### Information provided
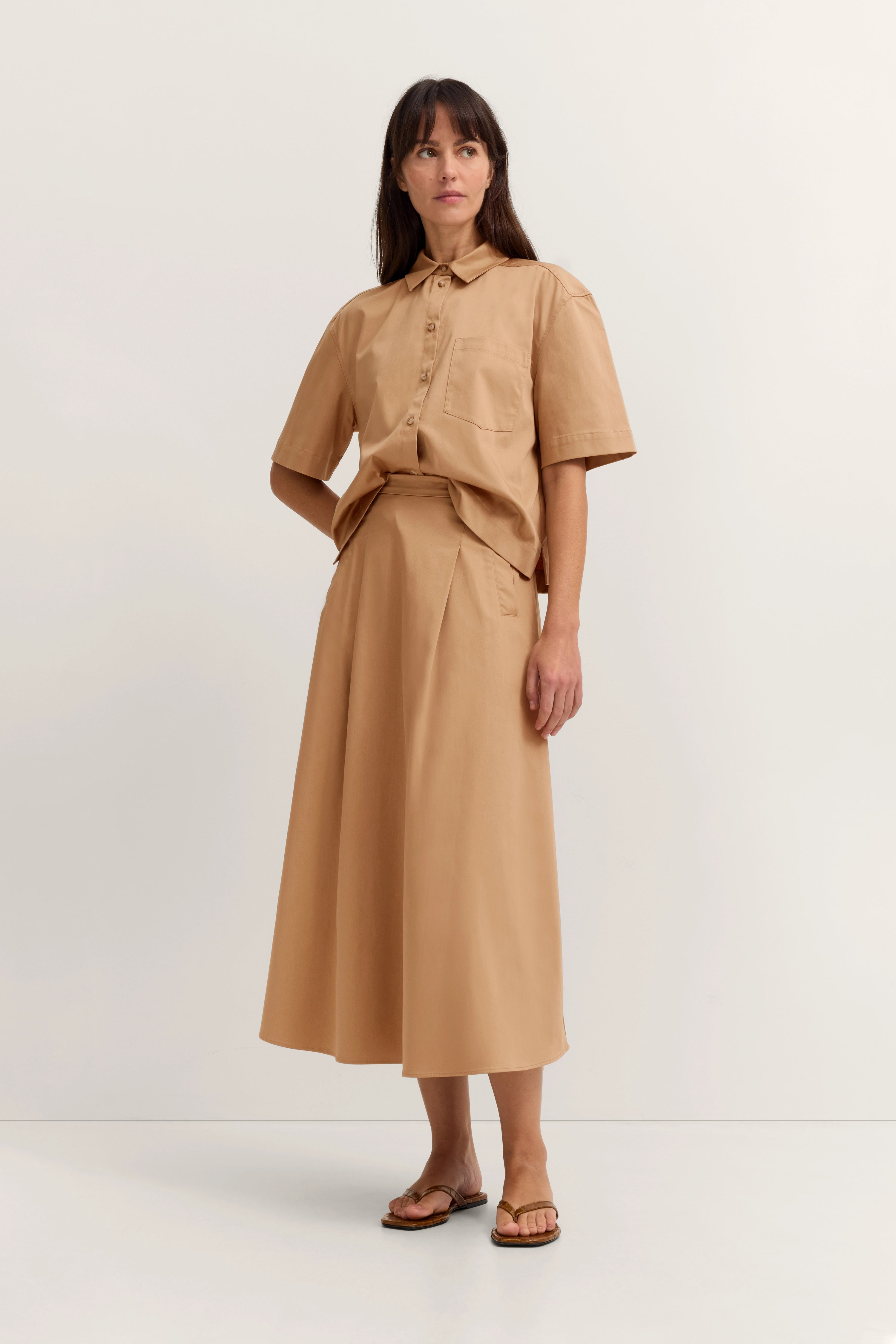 Beiges Model-Outfit mit Hemd und Midirock, legeres Posing, stilvoll und zeitlos von bugatti inspiriert.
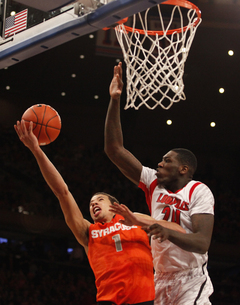 Michael Carter-Williams goes for a basket in the paint, but get's shot down by Louisville's 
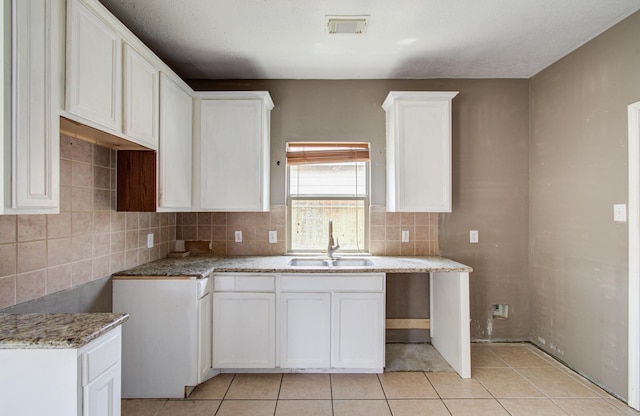 1418 High Thicket Ct, Spring, TX 77373 - kitchen featuring a sink, tasteful backsplash, light tile patterned floors, and white cabinets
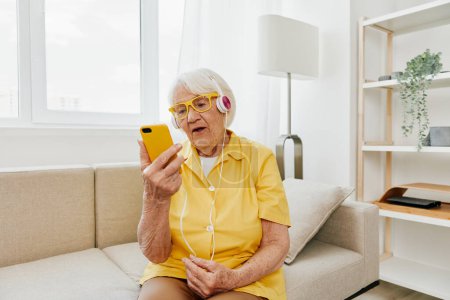 Photo for Happy elderly woman watching video call on phone and listening to music on headphones, surprise and open mouth, bright modern interior, lifestyle online communication. High quality photo - Royalty Free Image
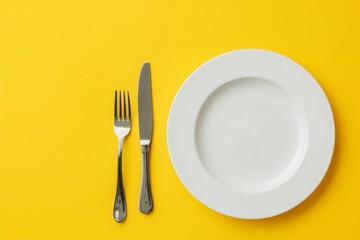 Top down view of a white plate isolated on yellow background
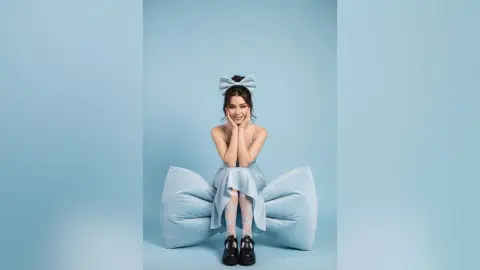 Cheerful young woman in a light blue dress sitting on a giant bow against a pastel blue background.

### Exercise brief
Your answer should be every entry repeated exactly, minus the pictures.

### Answer for the task
 Beiges Model-Outfit mit Hemd und Midirock, legeres Posing, stilvoll und zeitlos von bugatti inspiriert.
 Michael Carter-Williams goes for a basket in the paint, but get's shot down by Louisville's 
 1418 High Thicket Ct, Spring, TX 77373 - kitchen featuring a sink, tasteful backsplash, light tile patterned floors, and white cabinets
 Photo for Happy elderly woman watching video call on phone and listening to music on headphones, surprise and open mouth, bright modern interior, lifestyle online communication. High quality photo - Royalty Free Image
 Top down view of a white plate isolated on yellow background
 Cheerful young woman in a light blue dress sitting on a giant bow against a pastel blue background.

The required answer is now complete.